Gold could trade sideways next week, with the precious metal expected to take its cues from currency moves.
As many as eight of 22 analysts polled in a Kitco Gold Survey said they expected gold prices to trade higher next week, while nine predicted that prices will drop, and five forecast prices to trade sideways.
A stronger US dollar next week will further dent the yellow metal's safe-haven status.
Colin Cieszynski, senior market strategist at CMC Markets told Kitco: "The… US dollar is overbought technically, and the economic news and central bank speculation that has been pushing it higher should fade next week, enabling gold to respond to the big increases coming to the ECB balance sheet between the September targeted LTRO (long-term refinancing operation) and ABS (asset-backed securities) purchases starting in October."

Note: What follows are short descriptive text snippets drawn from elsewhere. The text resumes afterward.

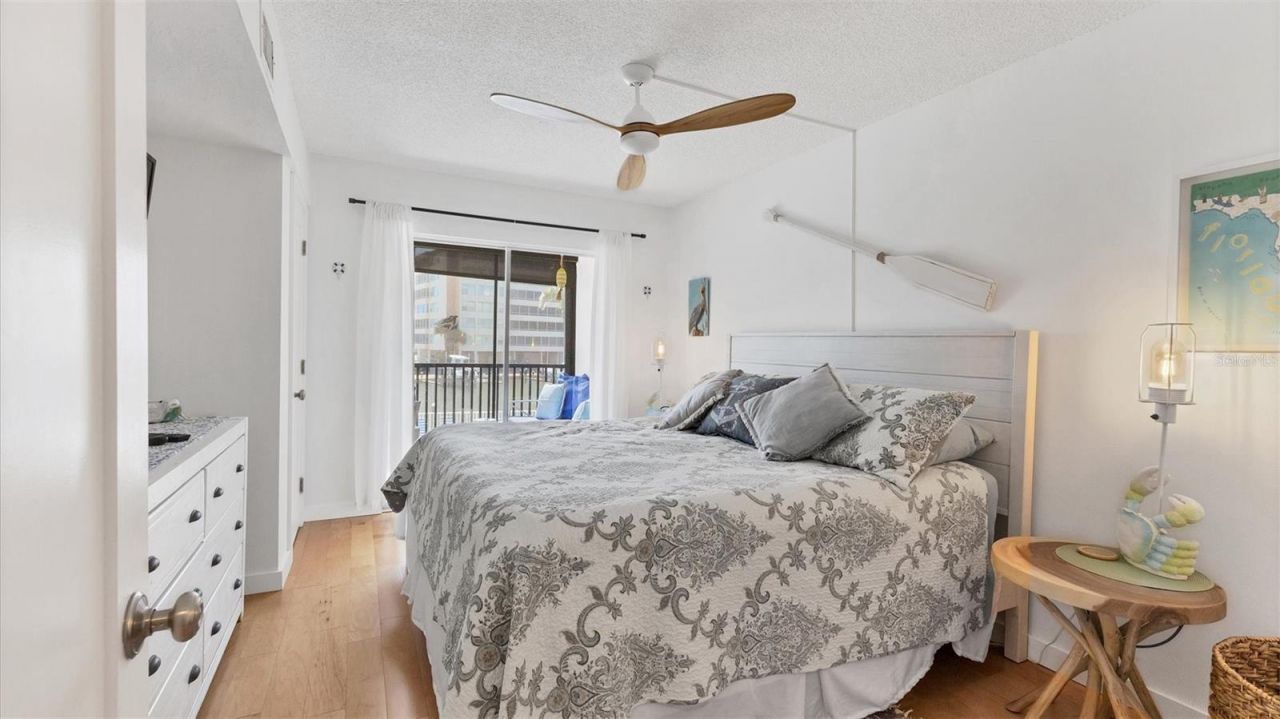9200 Midnight Pass Road, Unit 24, Sarasota, FL 34242 Photo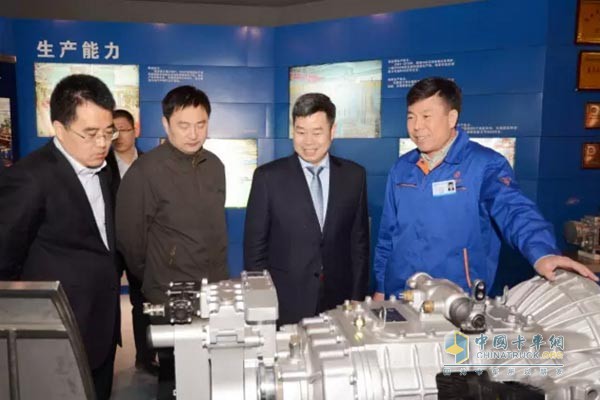 Zhou Liang, President of Foton Daimler visits Fast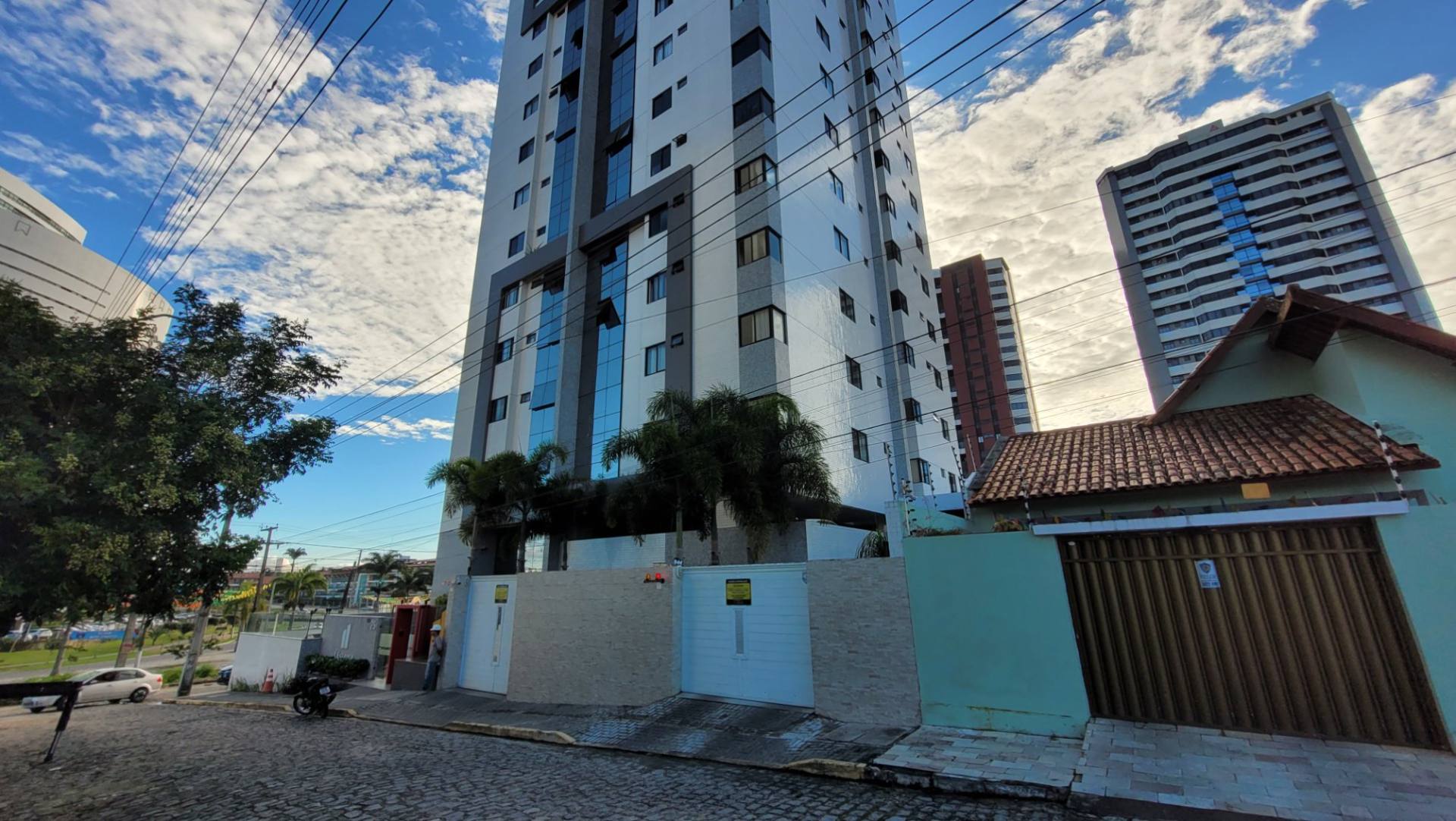 Apartamento à venda com 3 suítes, no bairro do Mirante, em Campina Grande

Richard Baker, editor of Eureka Miner, said: "Oil, gold and copper had a down week even with ECB president Mario Draghi's surprisingly accommodative monetary announcement; the red metal suffered the least, down a fractionally, but oil and gold were off more than 1.5% in early morning trading compared to last Friday's close.
"This continues a theme of falling gold prices against a backdrop of broadly declining commodities. The (S&P GSCI), which covers everything from copper to cattle, is remains only slightly above its 52-week low.
"Without a geopolitical reason to bounce higher, gold will likely retest this low. My target for next week is $1,260 per ounce," Baker added.
Gold Ends Lower
US gold futures for delivery in December finished 80 cents higher at $1,267.30 an ounce (£776, €978) on 5 September.
But prices were down 1.6% for the week as a whole as geopolitical tensions eased – Ukraine and pro-Russian separatists struck a tentative ceasefire deal.
Spot Gold inched up rose 0.4% at $1,266 an ounce on 5 September.
The euro plummeted to a 14-month low against the greenback earlier in the week after the European Central Bank (ECB) unexpectedly cut rates.